* _About this task_: Transcribe only what runs from the line containing "Pokemon milou viva italia" through the final line below, exactly, and leave every picture out.

───── Available records ─────

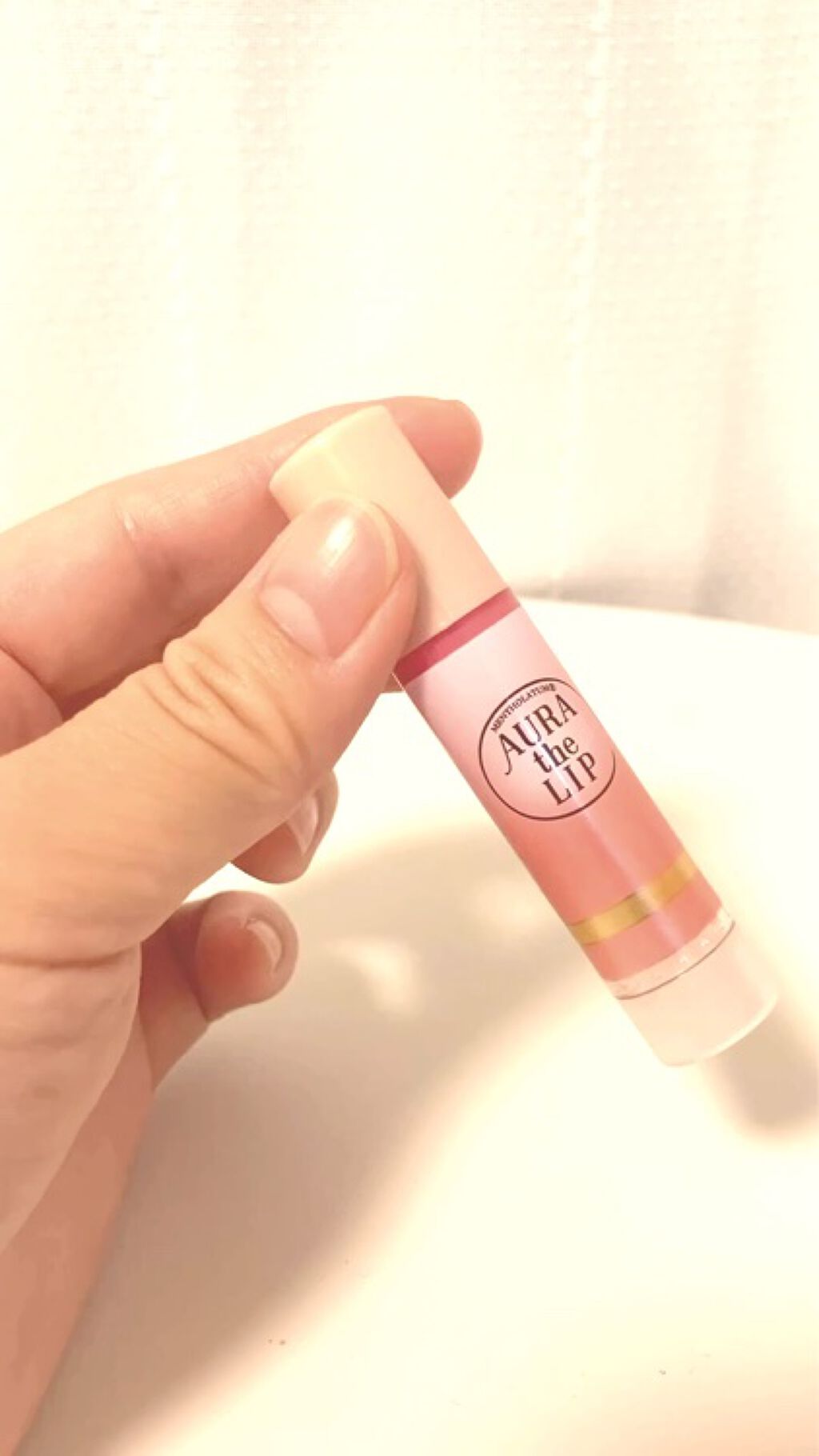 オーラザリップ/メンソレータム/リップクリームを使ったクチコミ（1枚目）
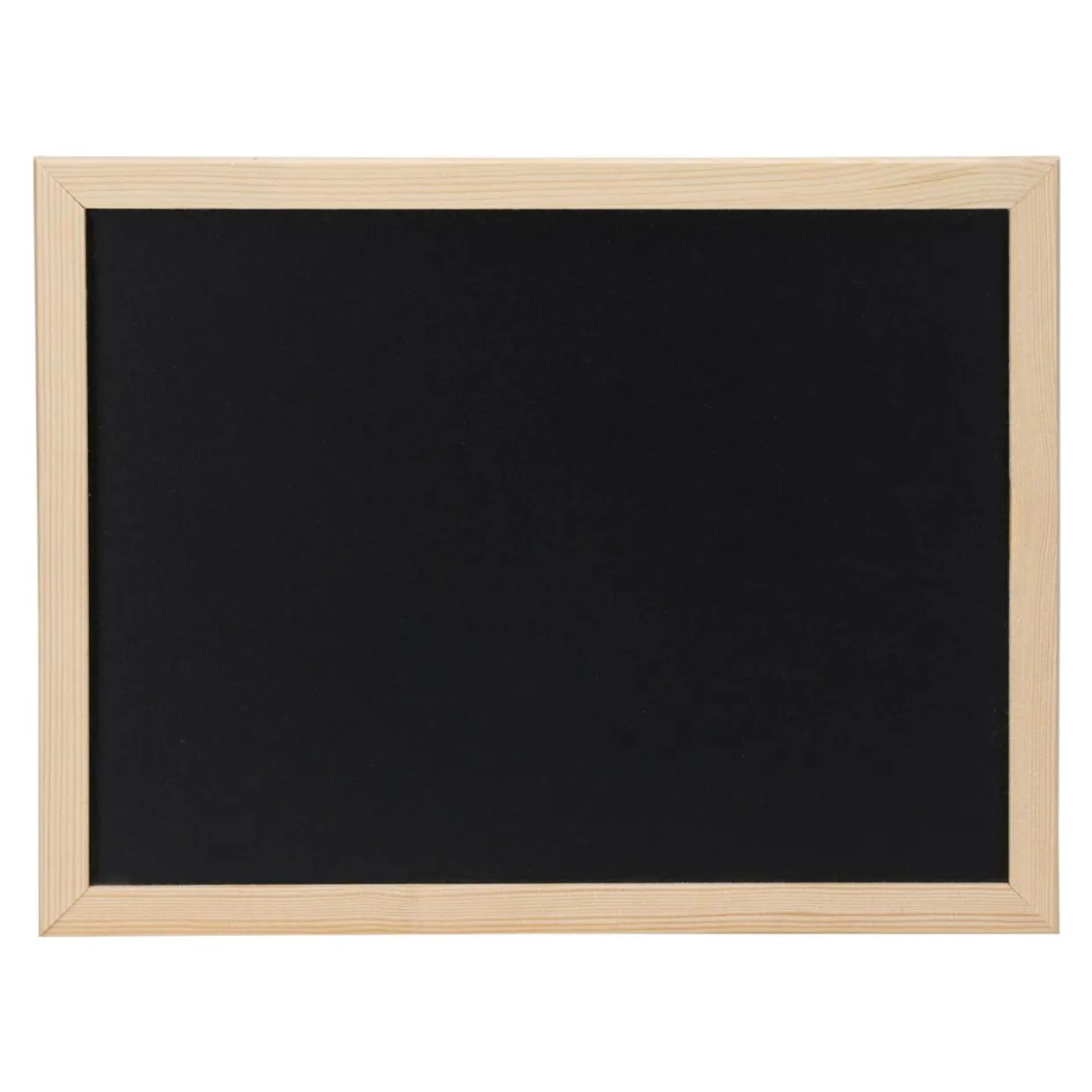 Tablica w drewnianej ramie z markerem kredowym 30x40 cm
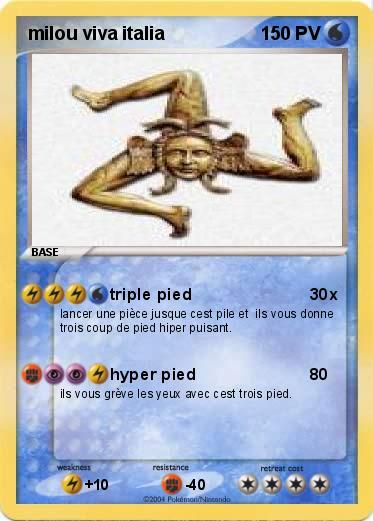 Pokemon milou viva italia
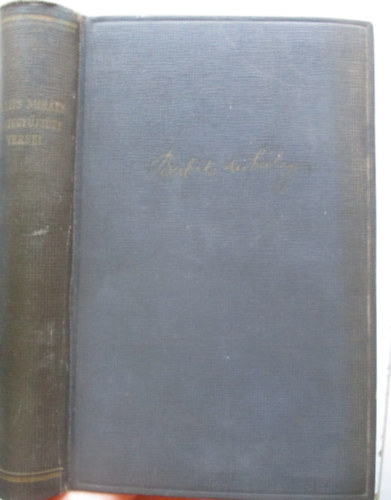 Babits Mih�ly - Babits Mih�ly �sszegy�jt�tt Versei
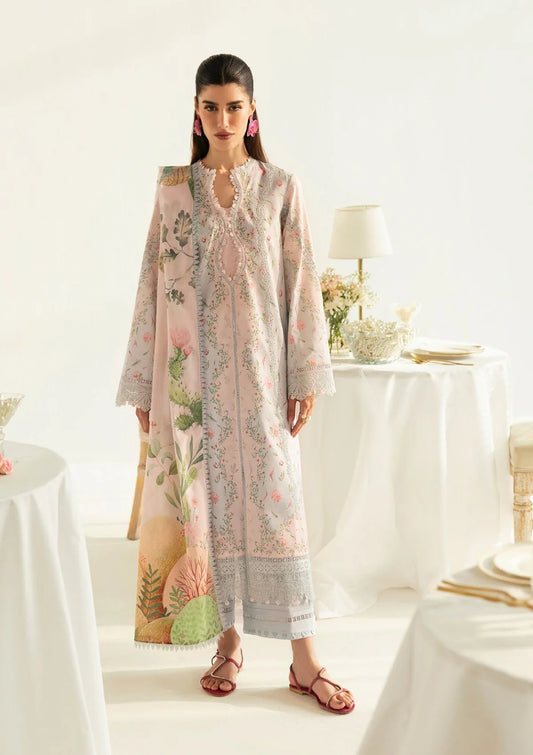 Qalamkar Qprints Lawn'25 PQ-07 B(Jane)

─────

* _Task result_:
 Pokemon milou viva italia
 Babits Mih�ly - Babits Mih�ly �sszegy�jt�tt Versei
 Qalamkar Qprints Lawn'25 PQ-07 B(Jane)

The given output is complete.